They’re not cybersecurity experts, but they did stay at a Holiday Inn Express last night.

Because we have no common body of knowledge from which to explore and learn from prior art, you can predict like the seasons when another cohort of professionals from other disciplines will attempt to tell us what is good for us, despite not understanding the fundamentals of information technology, or how the Internet works.  Whether the idea is deterrence or arms control or any other pressing global security issue of the past 100 years, they’re free with their analogies and advice because their approaches are perfectly suited to deal with threats that are realized hourly, every day, worldwide, for the past several decades.

That’s a joke.

To be fair, their ability to fit so much tripe, trope, hyperbole, and nonsense into a single opening sentence much less an entire op-ed is a skill that has to be acknowledged. Of all the topics I have a passing familiarity with, it would probably take months before I could replicate such a feat. Of course, I would be soundly pummeled about the head and shoulders for doing so because people who actually know what they were talking about would not hesitate to point out what a bumbling neophyte I was.

Yet for some reason, when it comes to things-cyber, people from other fields feel like they can just man ‘splain their way into the discussion and expect their ideas to be treated with respect because of their credentials in an entirely different discipline. This is false authority syndrome at its worst, and for some reason we just sit there and take it.

Maybe it’s a status thing? Thinking heavy thoughts about this space is a relatively new endeavor compared to the broader study of things martial or international. We want to be effective, but we haven’t figured out how to do so without simultaneously being walked on like a hallway runner.

Maybe it’s a nerd thing? Legions of subject matter experts could point out the shortcomings of these ill-conceived ideas but are too busy actually working problems to care what people who only say polite things politely to other polite people at polite gatherings (which strangely rarely if ever invite technical experts) are saying?

Whatever the reasons may be, it is high time we started pushing back.

The resistance should start by asking every expert in political science, international relations, public policy, or other disciplines to explain exactly how their methodologies will work against cyberspace problems. Not hand-wavy answers extrapolated from the most tenuous similarities: with precision. How exactly are regimes that works for bugs, gas, or isotopes going to work for code? Go ahead, we’ll wait.

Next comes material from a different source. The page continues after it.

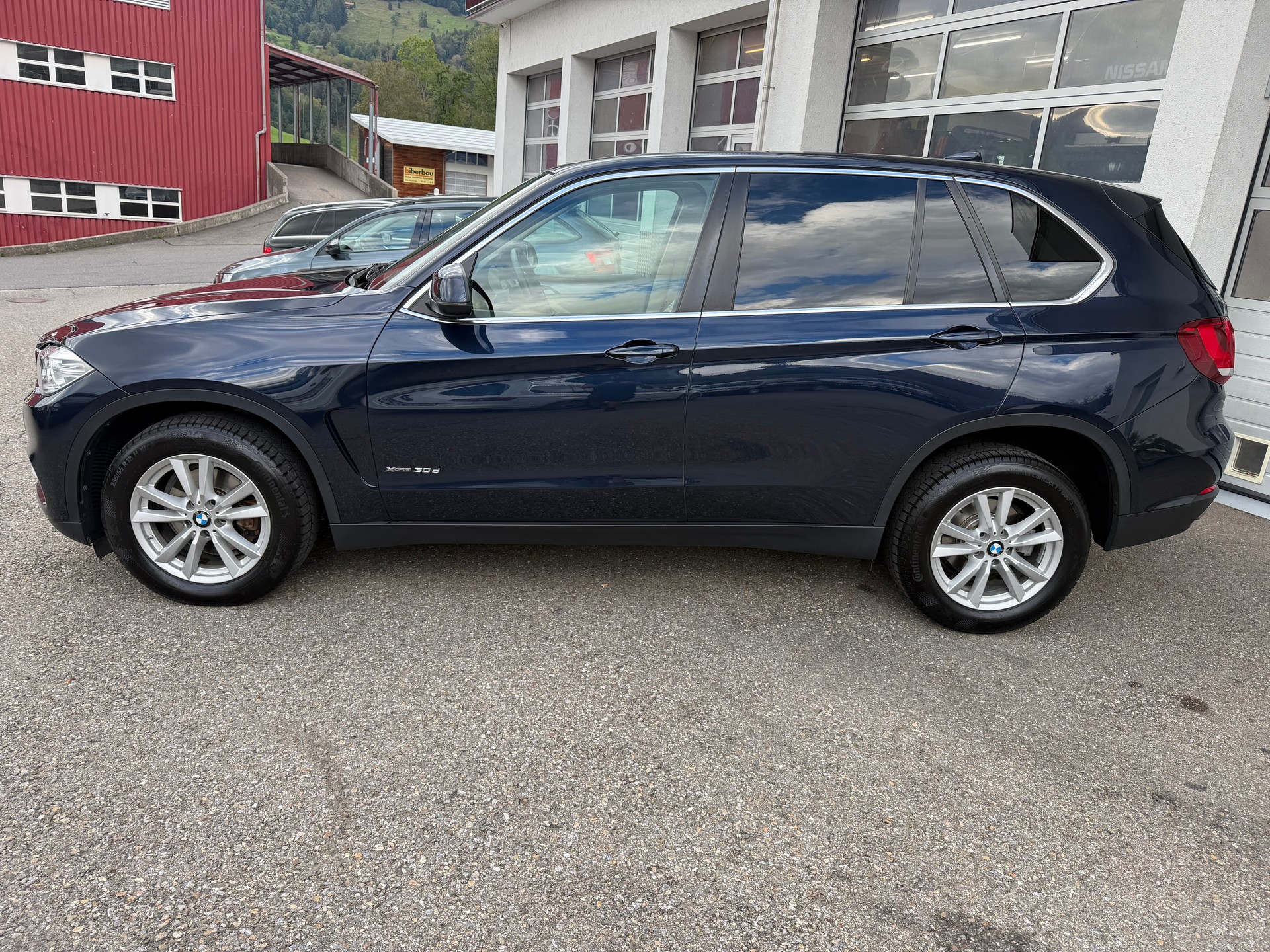 BMW X5 xDrive 30d Steptronic-showroom-element-1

Likewise, we need to force digital dilettantes to acknowledge the corrupting power of code and its impact on behavior. It took an age before all the countries in the UN working group on cybersecurity to agree that countries should behave themselves online. A declaration that has, is, and will continue to be violated continuously by the intelligence and security organs of those same signatories. Agreeing to truly meaningful norms means agreeing to give up one of the most powerful intelligence capabilities and “weapons” platforms ever invented. No nation will agree to that with a straight face, and no nation who signs such an agreement believes any of the others will adhere to its terms. Acknowledgement of this reality delineates those serious about contributing from those advocating busy work.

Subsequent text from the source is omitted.